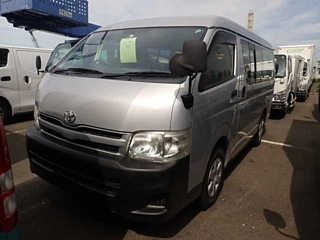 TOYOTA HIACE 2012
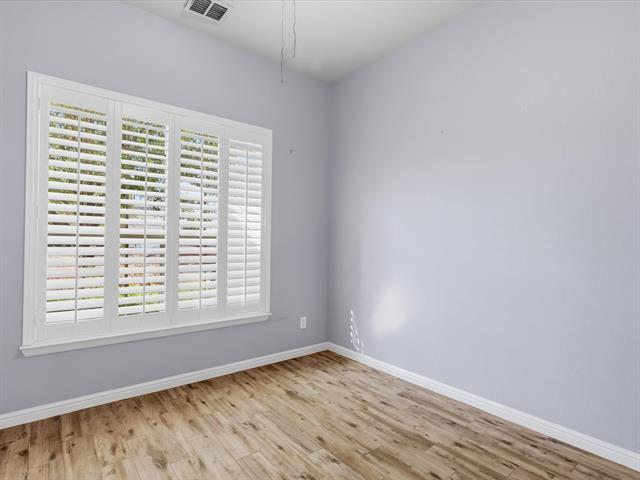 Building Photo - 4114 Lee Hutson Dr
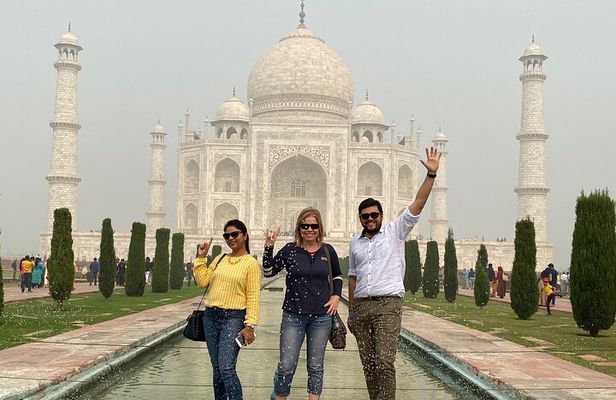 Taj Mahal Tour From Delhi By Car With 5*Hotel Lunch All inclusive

★ ★ ★ ★

WHAT YOU ARE ASKED TO DO: Write every line above again exactly, but leave the pictures out.

OUTPUT:
 TOYOTA HIACE 2012
 Building Photo - 4114 Lee Hutson Dr
 Taj Mahal Tour From Delhi By Car With 5*Hotel Lunch All inclusive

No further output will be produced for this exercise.